# Amplifier Feet Directed 500 - Circa 1999



## safe d (Dec 4, 2010)

Hi Everyone

Hope we are having a productive and sane lockdown.

I have recently added a 600d to my Directed 500.

I did plan to mount them laying down in a false floor. However, as I only have a small car (2005 MINI Cooper S),
and given my limited skill level, I think I am going to mount on the rear seats.

This also helps to allow use of the necessary extended luggage space obtained, by dropping the rear seats.

As the amps will be on show, and mounted vertically instead of horizontally, I would like to get the 2 feet replaced / repaired 
(pics attached).

Anyone have any ideas where I can get this done? Based in UK by the way.


----------



## Bayboy (Dec 29, 2010)

Take a good one off and have someone 3D print them with extras to spare. That's if you can't locate some. 
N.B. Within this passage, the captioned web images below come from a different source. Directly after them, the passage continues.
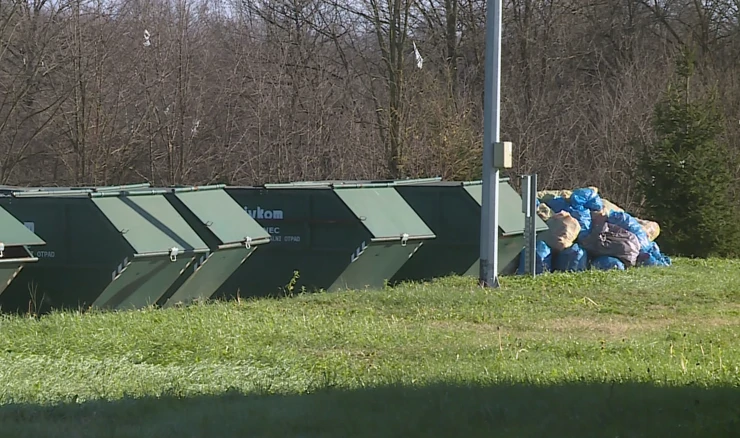 Kontejneri za smeće u Ivancu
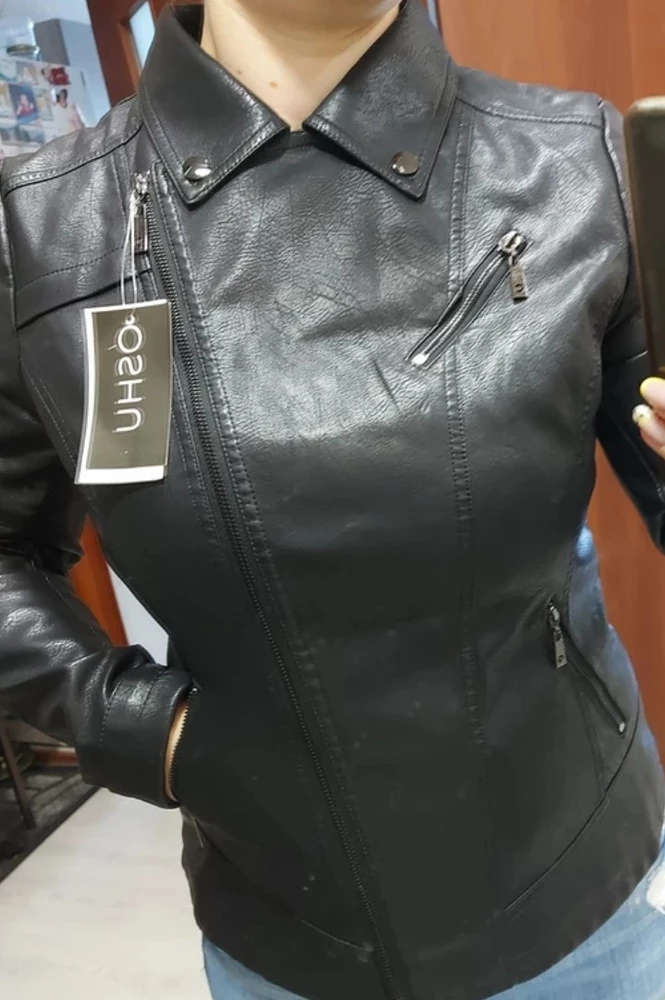 брала размер 3 XL типа 48. но на 46 48 маловата. перезаказала 50. вобщем на полтора два размера малрмерит. но смотрится круто и дорого. именно как на фото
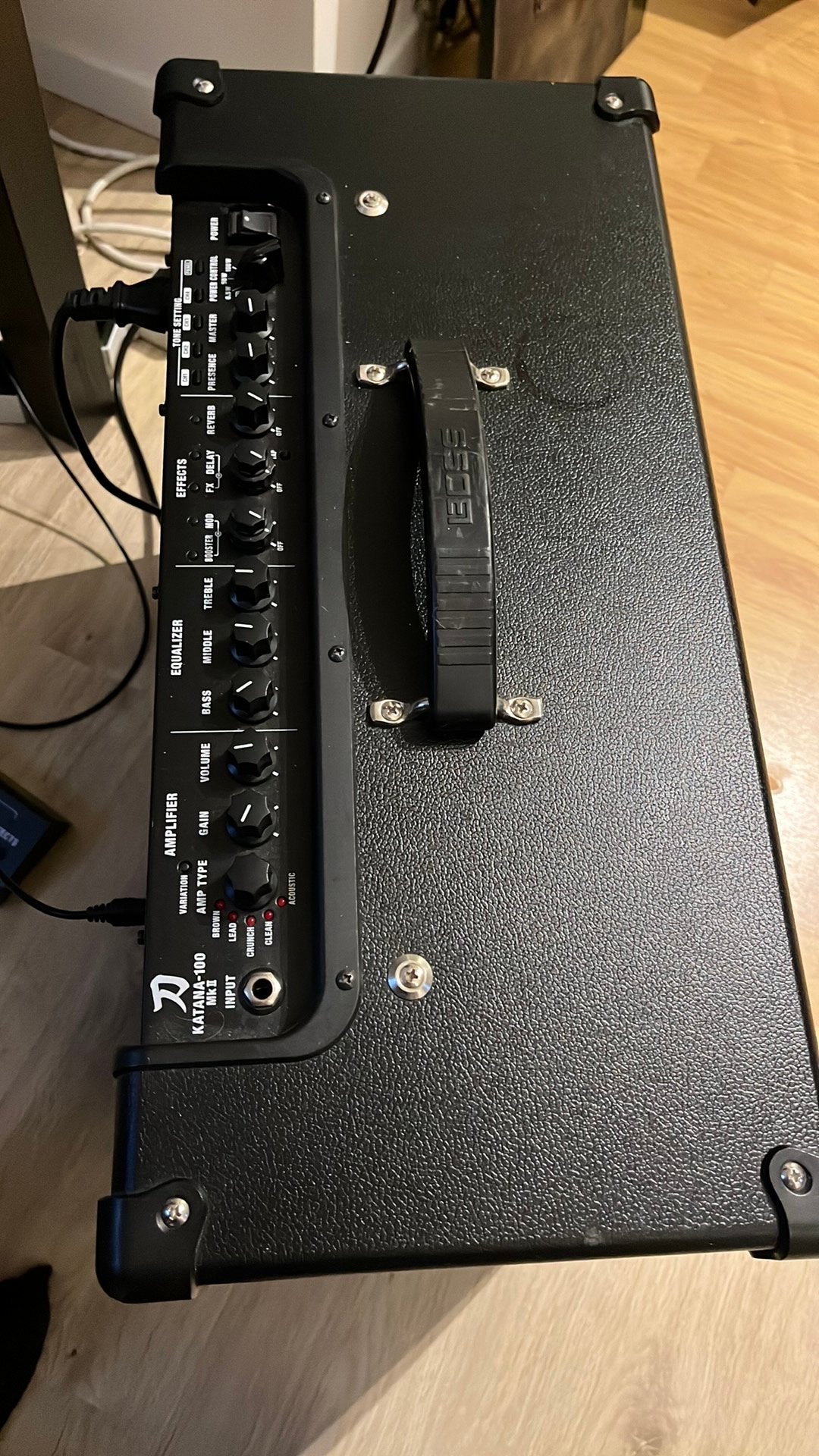 Katana MK100 met switch pedaal, Musique & Instruments, Enlèvement, 50 à 100 watts
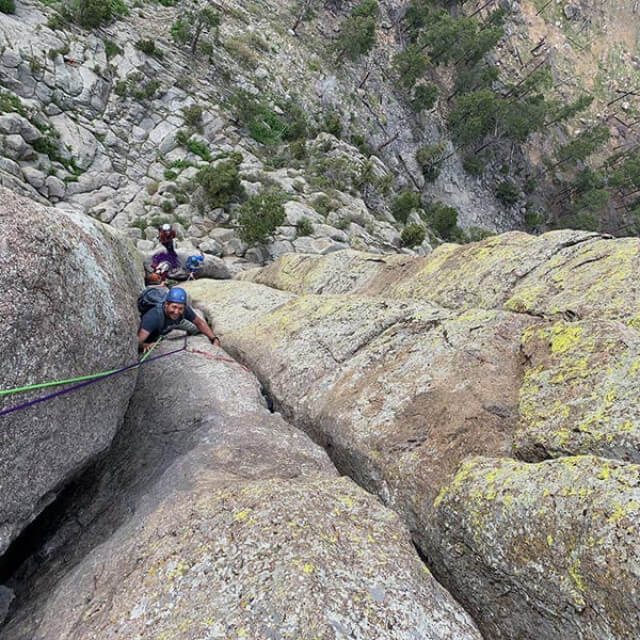 Escalando el Devils Tower National Monument al noreste de Wyoming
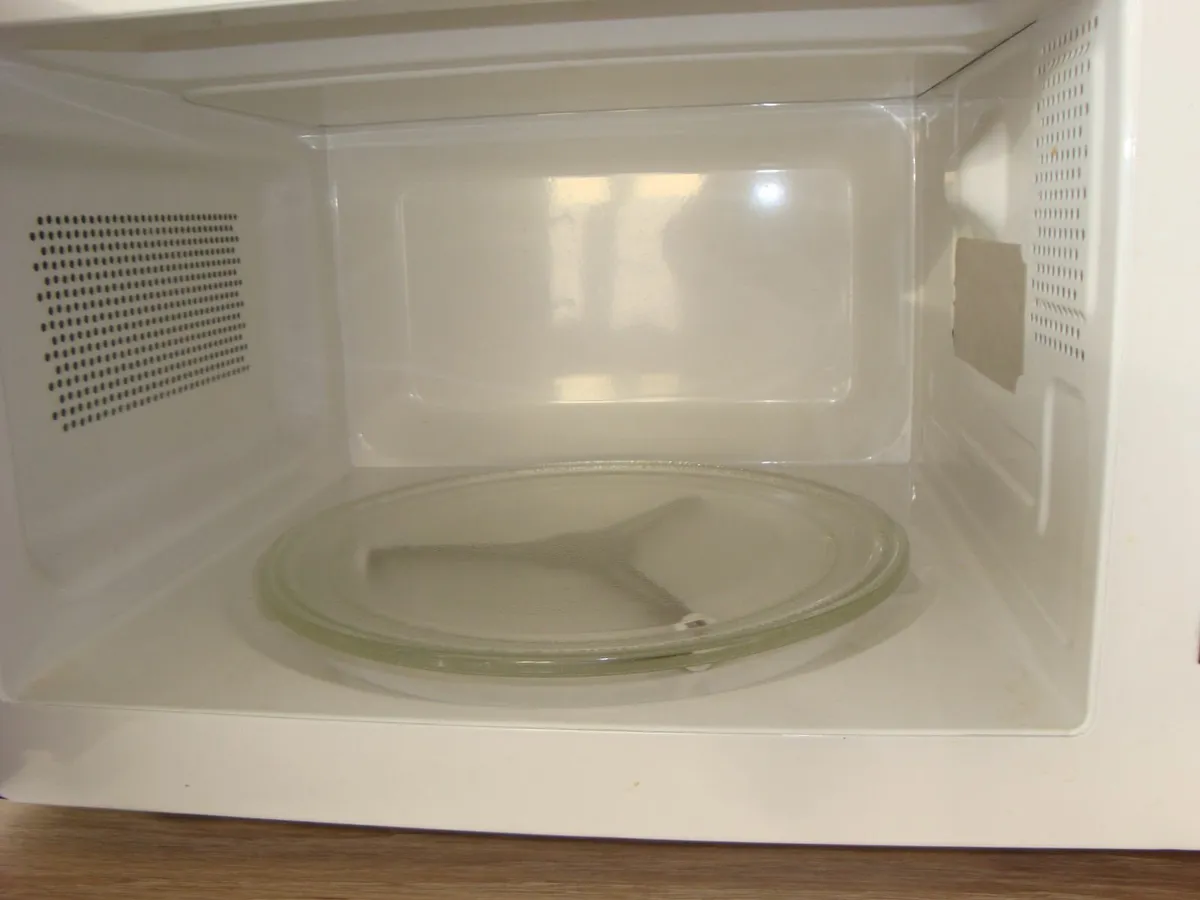 Russell Hobbs microwave 20l - Image 4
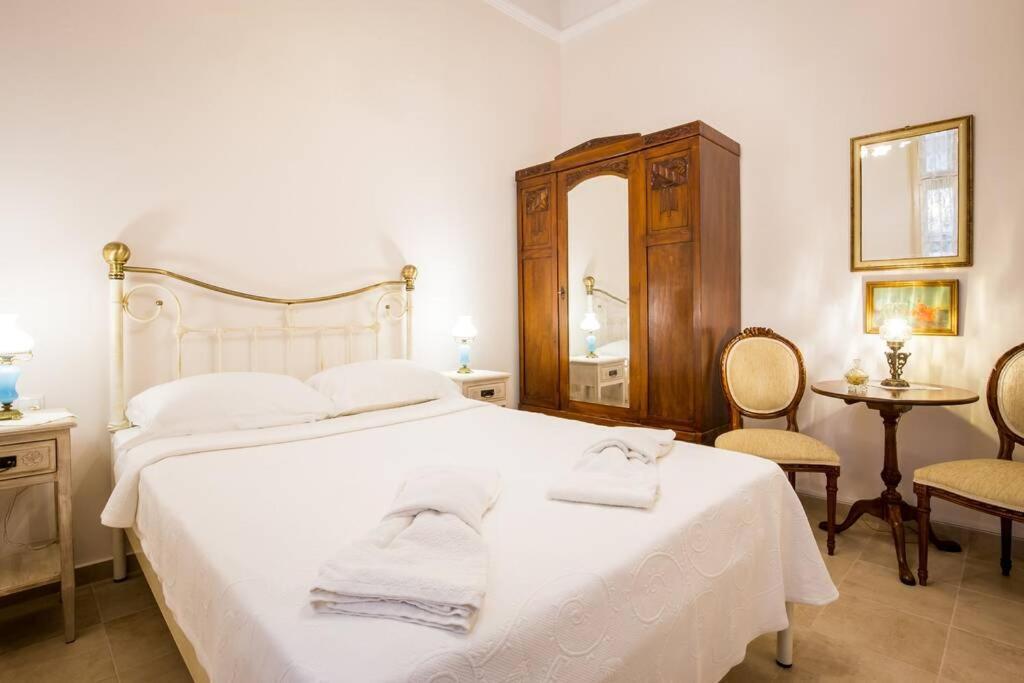 Neoclassical Apartment With 2 Bedrooms In El Pireo Exterior foto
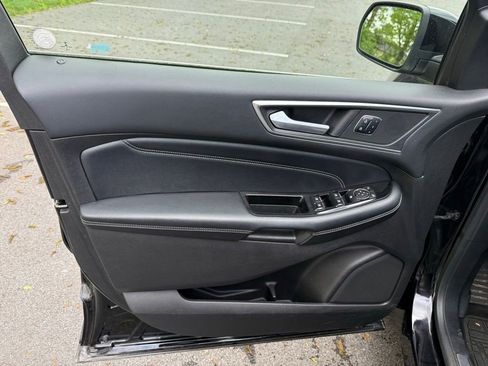 Used 2016 Ford Edge Titanium w/ Equipment Group 301A AWD/4WD image 12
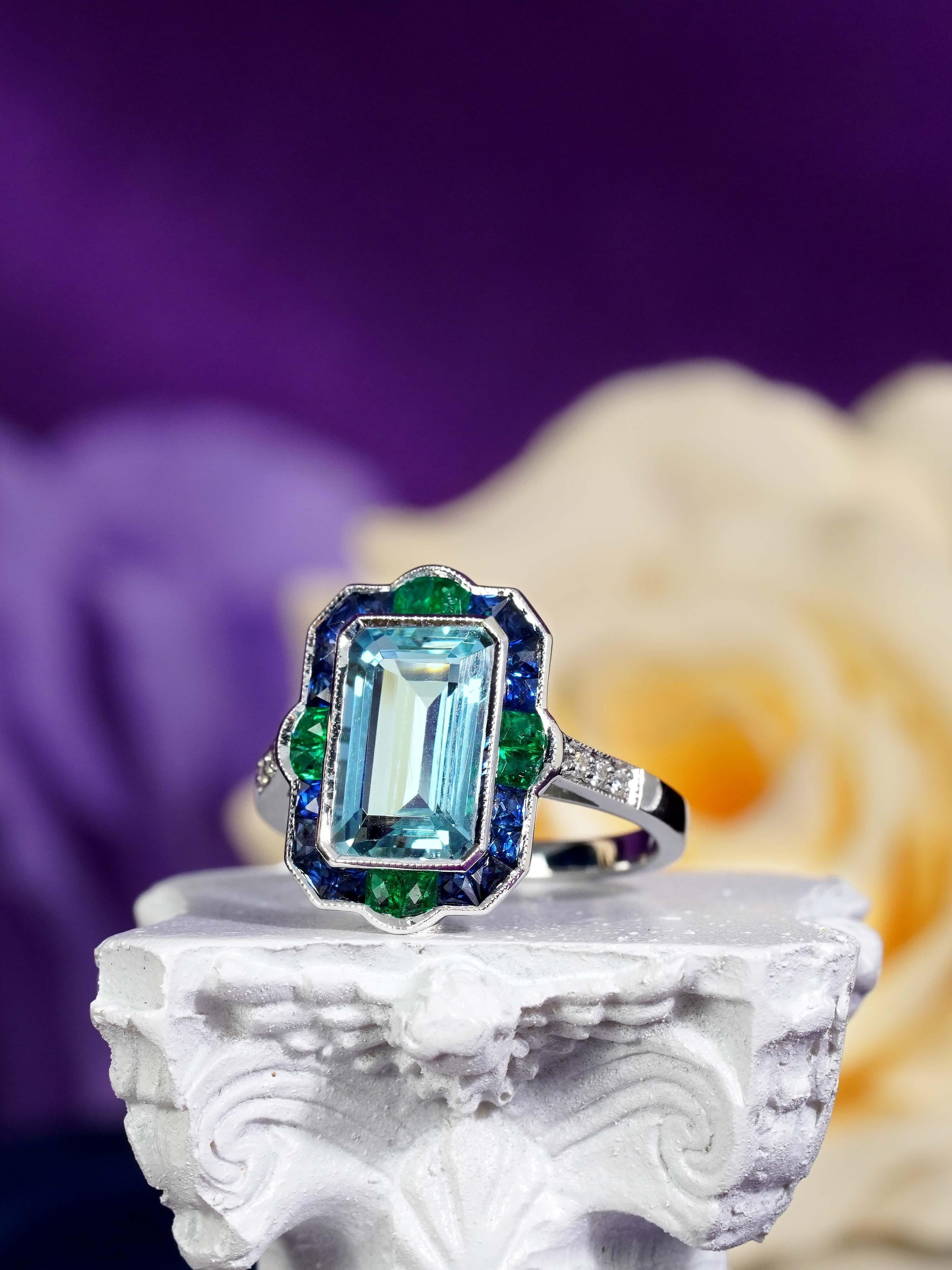 2.76 Ct. Bague cocktail aigue-marine émeraude saphir diamant en or blanc 18K Neuf à Bangkok, TH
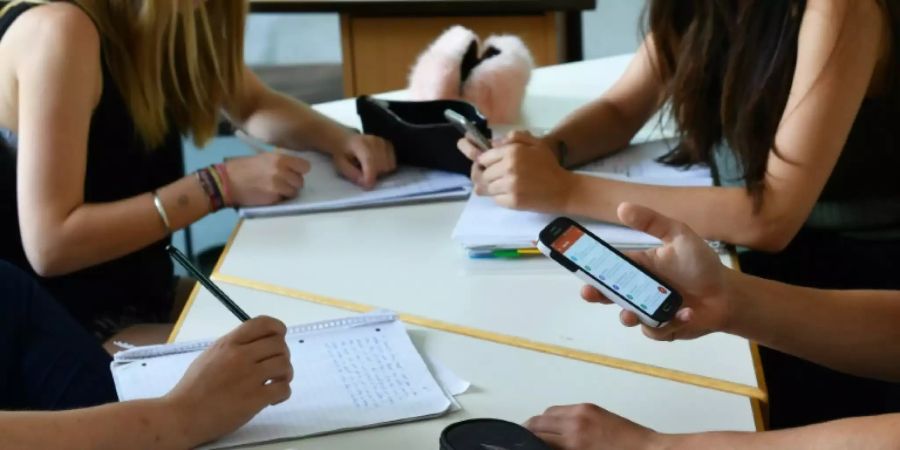 Ältere Schüler mit Smartphones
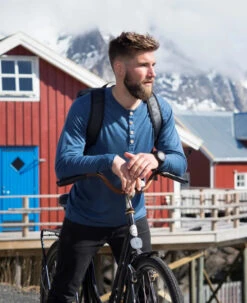 Organic Wool And Silk Longsleeve (Herre) -Osprey || Icebreaker || Patagonia Butikk 19 34691253b5 longsleeve blue man northern playground 3 full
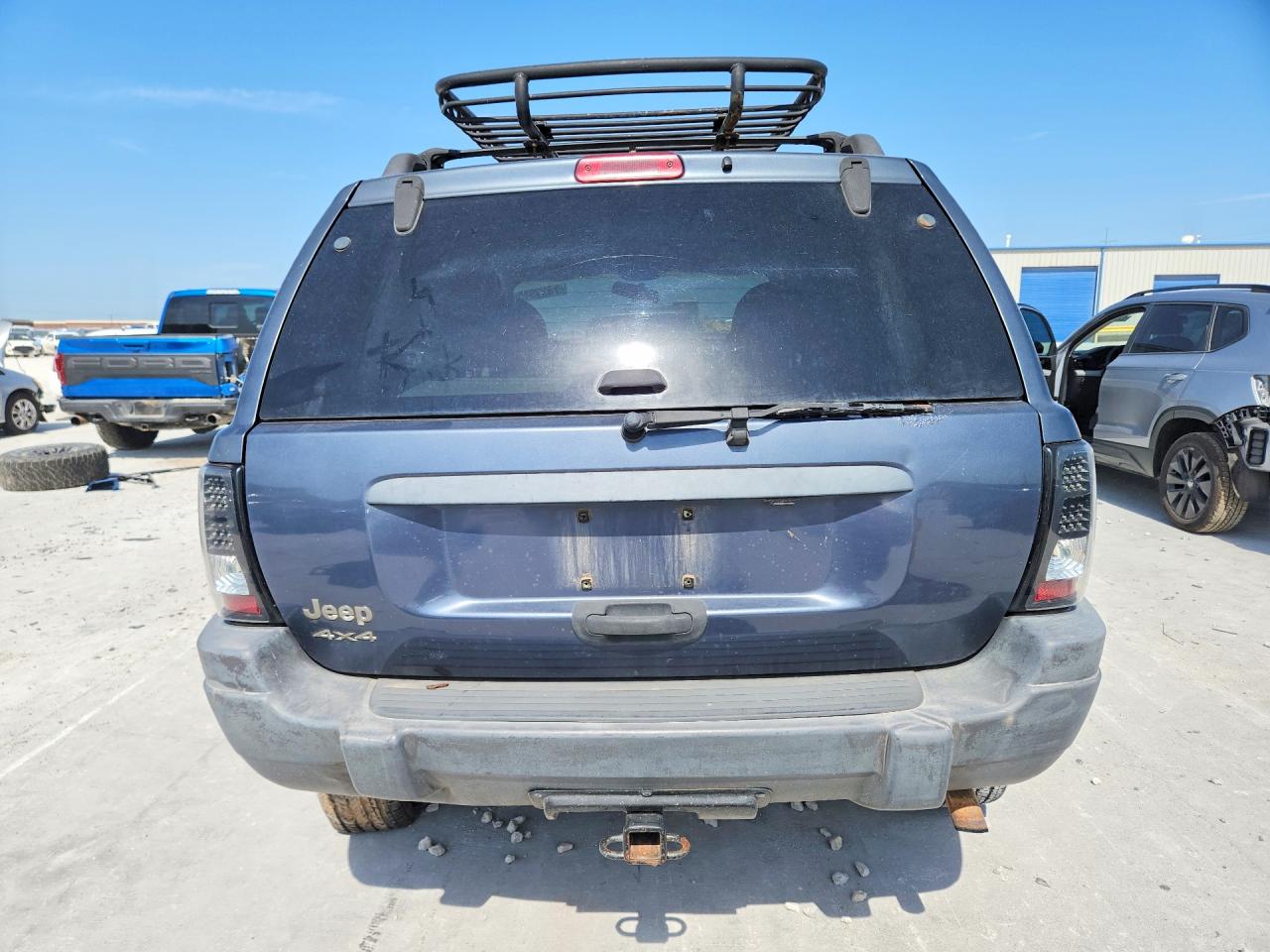 2002 Jeep Grand Cherokee Laredo Gray vin: 1J4GW48S62C223679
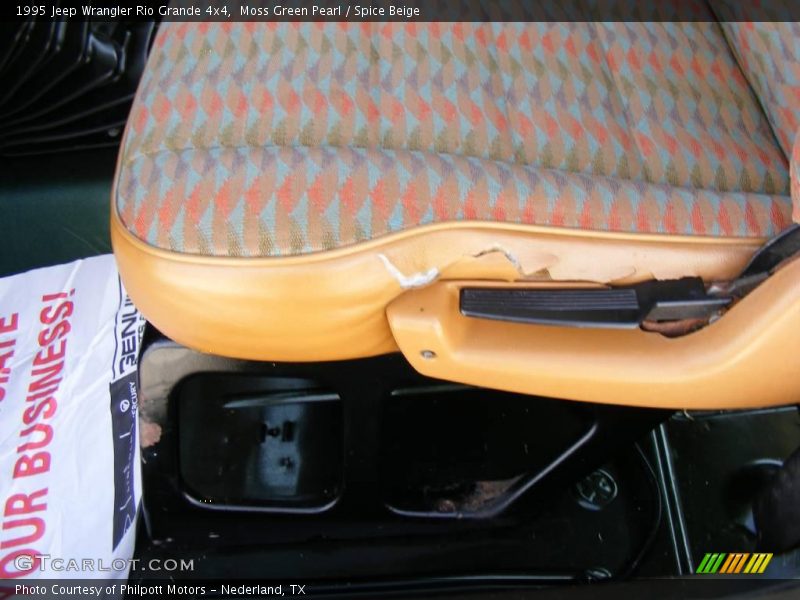 Moss Green Pearl / Spice Beige 1995 Jeep Wrangler Rio Grande 4x4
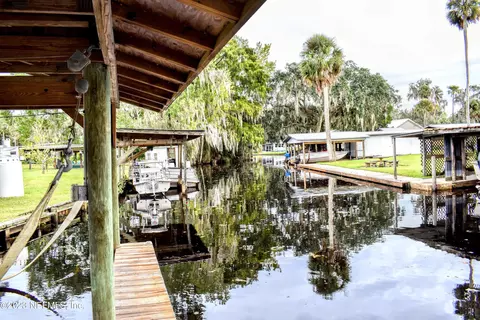 123 S Lake George Dr, Georgetown, FL 32139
Man & Machine... Power Extreme!


----------



## seafish (Aug 1, 2012)

Grab some flat 3/4" brackets, or even simple aluminum 3/4" barstock, from your local hardware store and use a bench grinder (if you have one or buy a cheap one from HF if you need an excuse to do so) or simply use a hacksaw and a hand file to make them your self...drill a couple holes in the right place using the old feet for templates and your DONE. 

If you want to paint the new ones black to match the old ones, do it... OR you could make 4 new ones in unpainted aluminum and have all the new silver feet contrast the black amp.

Wouldn't take more then 90 minutes even with hand tools. With power tools, it could be done in 30 minutes tops.

Just my .02


----------